**DATA PROVIDED**
◆ ◆ ◆ ◆ ◆ ◆ ◆
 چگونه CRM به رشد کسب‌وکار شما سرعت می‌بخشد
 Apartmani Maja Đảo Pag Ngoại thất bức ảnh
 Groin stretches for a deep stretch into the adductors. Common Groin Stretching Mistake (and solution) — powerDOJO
◆ ◆ ◆ ◆ ◆ ◆ ◆
**TASK OBJECTIVE**
Your reply should consist only of the lines running from the line with "Apartmani Maja Đảo Pag Ngoại thất bức ảnh" to the end of the listing, retyped exactly.

**COMPLETED EXERCISE**
 Apartmani Maja Đảo Pag Ngoại thất bức ảnh
 Groin stretches for a deep stretch into the adductors. Common Groin Stretching Mistake (and solution) — powerDOJO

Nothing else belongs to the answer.